Output the listing word for word, minus pictures.
Start of Data
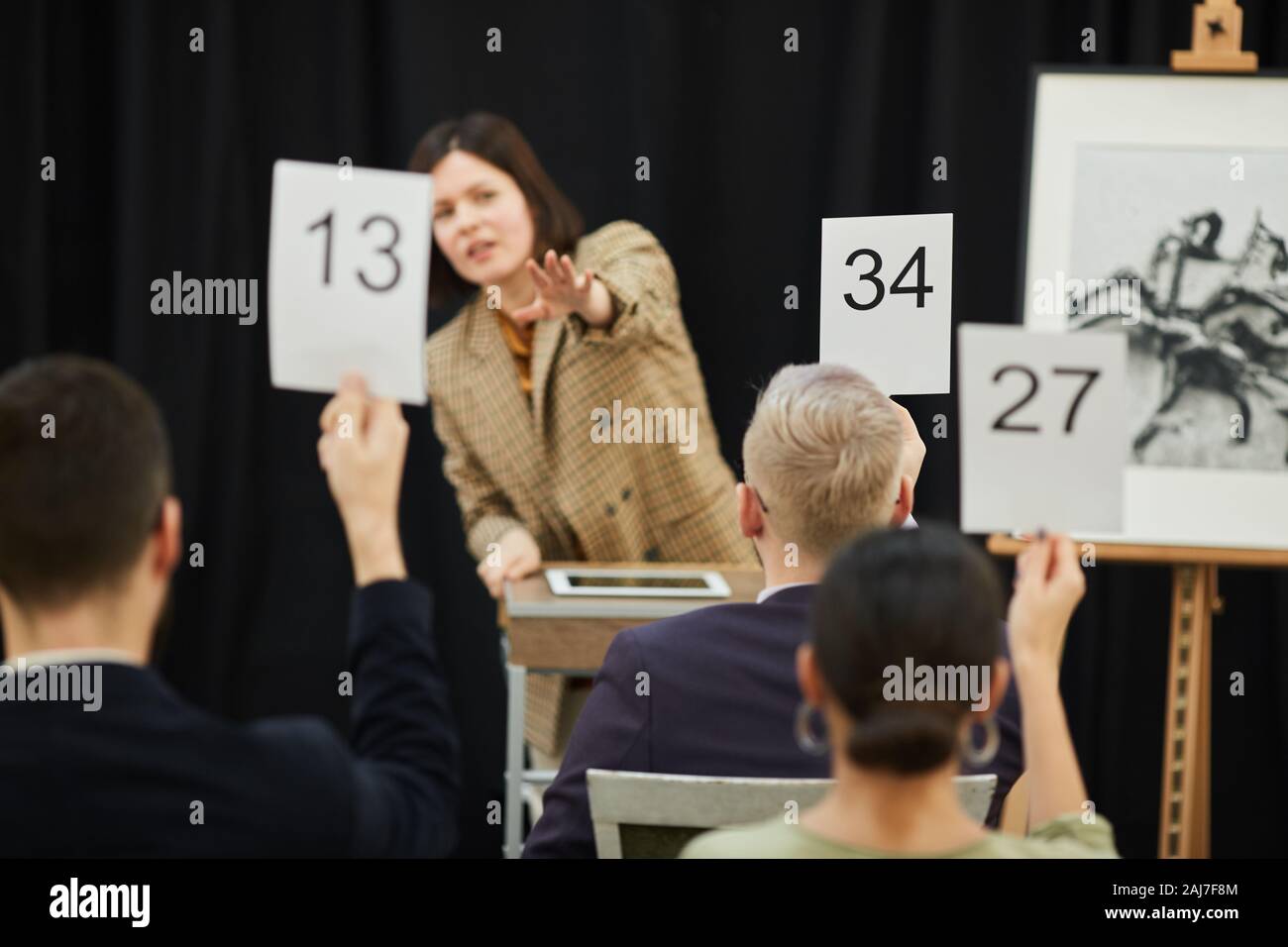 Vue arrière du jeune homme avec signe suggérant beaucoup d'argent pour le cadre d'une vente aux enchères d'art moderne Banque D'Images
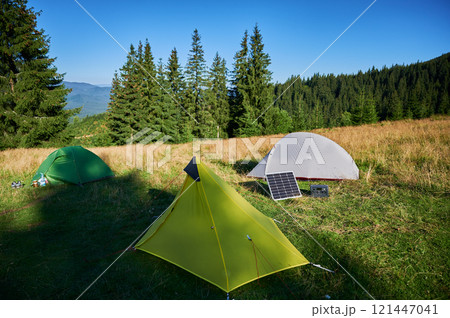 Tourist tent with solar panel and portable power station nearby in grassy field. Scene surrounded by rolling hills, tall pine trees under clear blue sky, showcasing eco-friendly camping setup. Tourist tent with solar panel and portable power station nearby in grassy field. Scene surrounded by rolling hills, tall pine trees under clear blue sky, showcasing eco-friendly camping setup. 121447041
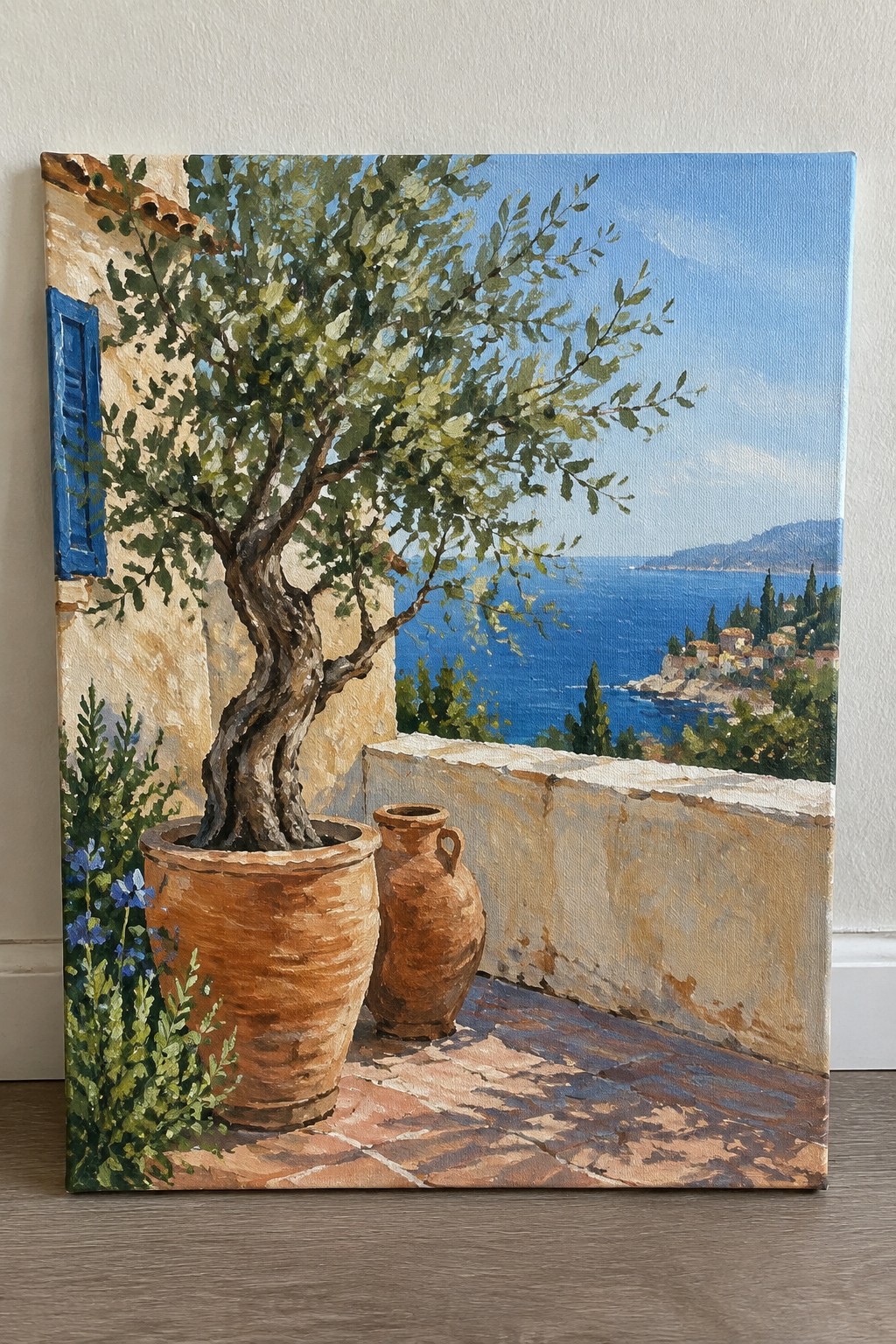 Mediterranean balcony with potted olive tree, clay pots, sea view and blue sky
End of Data
→ Solution below
 Vue arrière du jeune homme avec signe suggérant beaucoup d'argent pour le cadre d'une vente aux enchères d'art moderne Banque D'Images
 Tourist tent with solar panel and portable power station nearby in grassy field. Scene surrounded by rolling hills, tall pine trees under clear blue sky, showcasing eco-friendly camping setup. Tourist tent with solar panel and portable power station nearby in grassy field. Scene surrounded by rolling hills, tall pine trees under clear blue sky, showcasing eco-friendly camping setup. 121447041
 Mediterranean balcony with potted olive tree, clay pots, sea view and blue sky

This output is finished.